Well since there are recent updates, I don't think it will never get released. End up sucking.... hard to say until it comes out. It does, however, seem like they're putting a LOT of thought into the game which usually means a better end product... hence the delays on releasing it and releasing updated vids of the game in progress. Personally I think it's going to be kickass and I can't wait to play it!


----------



## vampiregenocide (Apr 18, 2012)

I guess it's such a big departure from the last two, they're looking to get an idea of how fans are receiving the changes by releasing a lot of gameplay videos and stuff. Just like 343 are doing with Halo 4. It's better to ease fans into it rather than drop a new, different game into their laps. We all know how gamers respond to change.


----------



## beneharris (Apr 18, 2012)

Scar Symmetry said:


> Not sure what you're getting at dude?



i guess i just mean that there seems to have been SO much coverage on so many websites, that its really hard not to lose track of what is happening with it. maybe i'm the only one who thinks that


----------



## Rock4ever (May 9, 2012)

Game has been delayed to fucking 2013.


----------



## Xaios (May 9, 2012)

Yeah, saw that this morning, definitely sucks.


----------



## Pav (May 10, 2012)

This game looks awesome. As much as I loved the first two, I think it's about time they change up the environment and branch out from the underwater civilization they laid out over the past two games. Assuming this doesn't turn into the next Duke Nukem Forever, I'm excited.


----------



## HighGain510 (May 10, 2012)

Rock4ever said:


> Game has been delayed to fucking 2013.


----------



## Rock4ever (May 10, 2012)

HighGain510 said:


>



 Haha that sums it up perfectly.


----------



## Scar Symmetry (May 10, 2012)

Rock4ever said:


> Game has been delayed to fucking 2013.



GOOD. I don't want the game to come out sooner, I just want it to be as good as it can possibly be. Smart move by Irrational.


----------



## HighGain510 (May 10, 2012)

Scar Symmetry said:


> GOOD. I don't want the game to come out sooner, I just want it to be as good as it can possibly be. Smart move by Irrational.

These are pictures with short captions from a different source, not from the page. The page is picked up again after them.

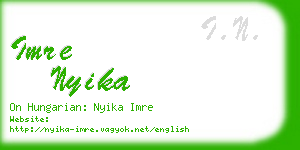 imre nyika business card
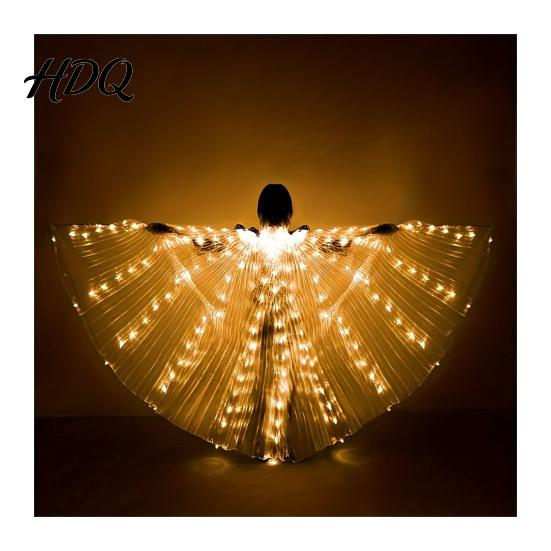 Halloween Cosplay Leuchtende Flügel Kinder Leuchtendes Kostüm Performance für Erwachsene LED Bauch Requisiten Flexibles Polyester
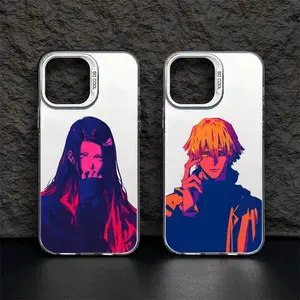 New Anime Demon Slayer Infinity Castle Phone Case White IMD Colorful Silver Suitable case for iPhone 17 16 15 14 13 12 11 XS Pro Max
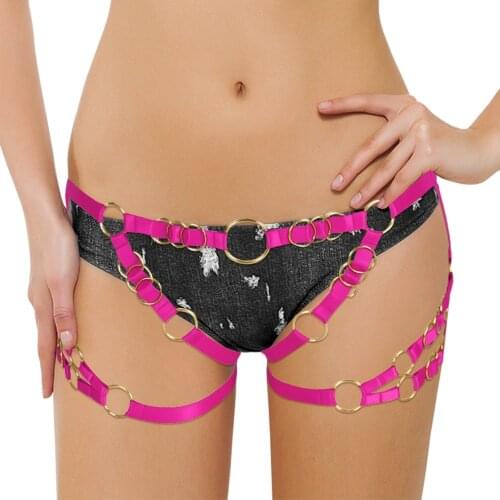 Fetish Straps Adjust Waist Size Suspender Belt Size Body Harness Women Sexy Stocking Garters Punk Goth Accessories Sword Belt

I'm also okay with it, as long as when it DOES come out it is good. And as long as they don't pull a Duke Nukem Forever....


----------



## Scar Symmetry (May 10, 2012)

There's no doubt in my mind it'll be amazing.


----------



## Rock4ever (May 10, 2012)

Scar Symmetry said:


> GOOD. I don't want the game to come out sooner, I just want it to be as good as it can possibly be. Smart move by Irrational.



Ya great. I want it to be good too. Issue for me is this is currently the ONLY game I'm looking forward to after Diablo 3. I'm sure more releases will get confirmed for later this year at E3- and I'm hoping GTA5 is one of them, but I cannot get psyched over what has currently been confirmed- even Halo 4 or AC3


----------



## 7thstringofa7thstring (May 10, 2012)

Pav said:


> This game looks awesome. As much as I loved the first two, I think it's about time they change up the environment and branch out from the underwater civilization they laid out over the past two games. *Assuming this doesn't turn into the next Duke Nukem Forever*, I'm excited.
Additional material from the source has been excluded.